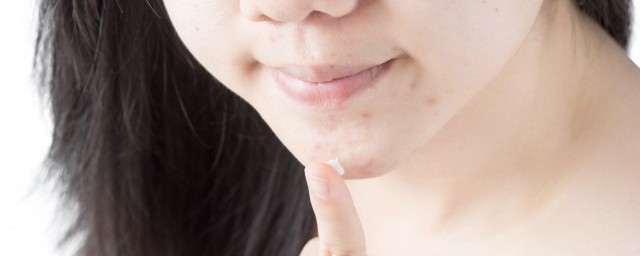 简单的痘印祛除小窍门是什么(祛痘痘印的小窍门)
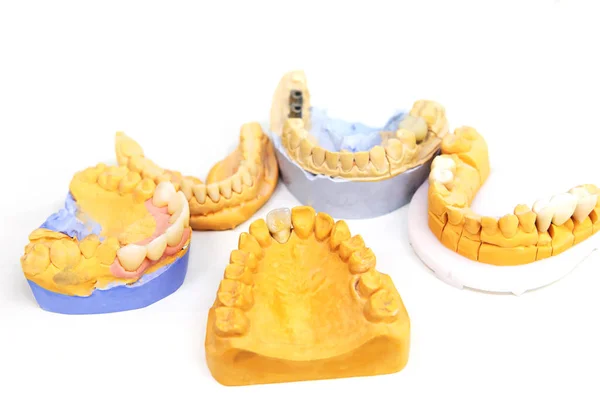 Implantacja Zębów Produkcja Protetycznych Zębów Laboratorium Stomatologicznym Szczęki Zębami Białym — Zdjęcie stockowe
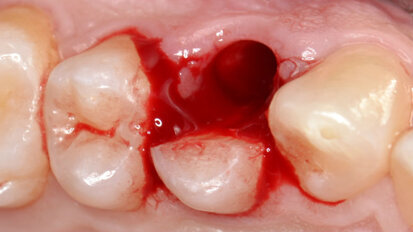 Riabilitazione di un sito monoedentulo con impianto postestrattivo a provvisorizzazione immediata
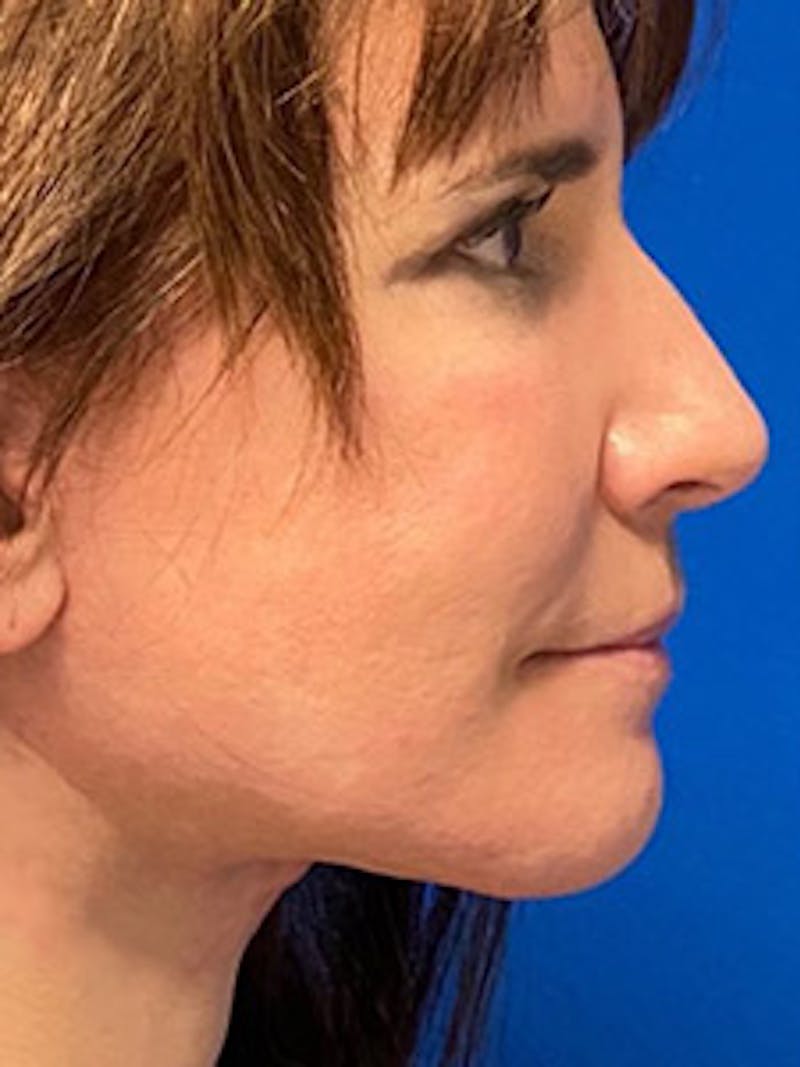 Facelift Before & After Gallery - Patient 327892 - Image 4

▶ [Task goal] Your task is to retype exactly, and only, the lines from the one that holds "Implantacja Zębów Produkcja" through the end of the listing, both end lines included, without any pictures.

▶ [Expected answer]
 Implantacja Zębów Produkcja Protetycznych Zębów Laboratorium Stomatologicznym Szczęki Zębami Białym — Zdjęcie stockowe
 Riabilitazione di un sito monoedentulo con impianto postestrattivo a provvisorizzazione immediata
 Facelift Before & After Gallery - Patient 327892 - Image 4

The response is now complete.